Stored data –
╭──

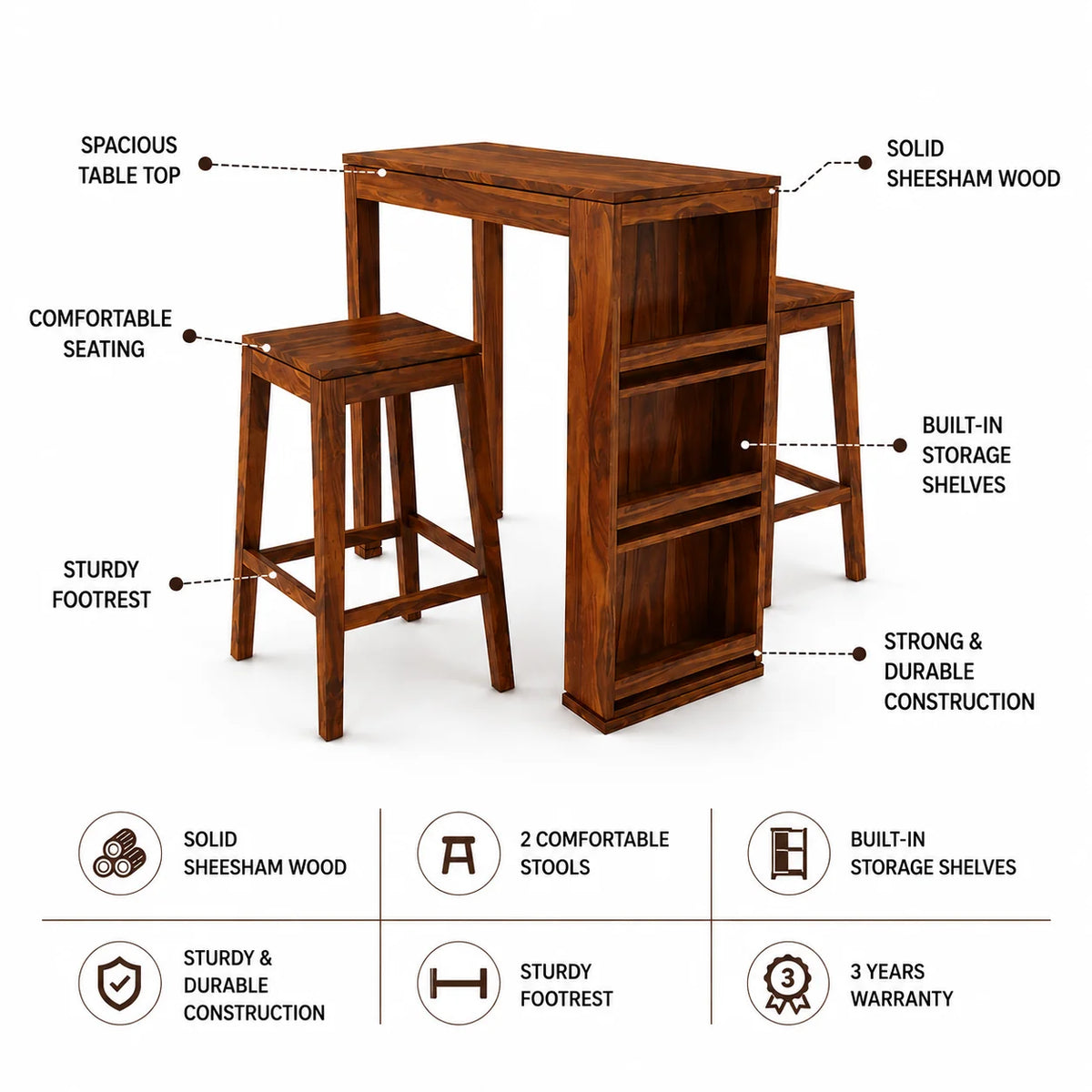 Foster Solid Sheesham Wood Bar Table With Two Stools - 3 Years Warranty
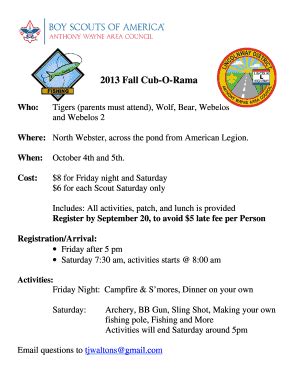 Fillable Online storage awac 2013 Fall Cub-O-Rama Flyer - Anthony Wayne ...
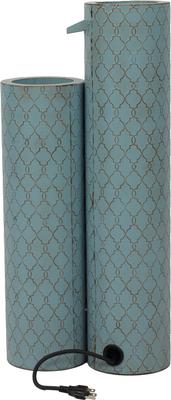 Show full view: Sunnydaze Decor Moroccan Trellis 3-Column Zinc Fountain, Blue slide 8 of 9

╰──

Give the material above again exactly as it stands, minus any images.

Task result –
 Foster Solid Sheesham Wood Bar Table With Two Stools - 3 Years Warranty
 Fillable Online storage awac 2013 Fall Cub-O-Rama Flyer - Anthony Wayne ...
 Show full view: Sunnydaze Decor Moroccan Trellis 3-Column Zinc Fountain, Blue slide 8 of 9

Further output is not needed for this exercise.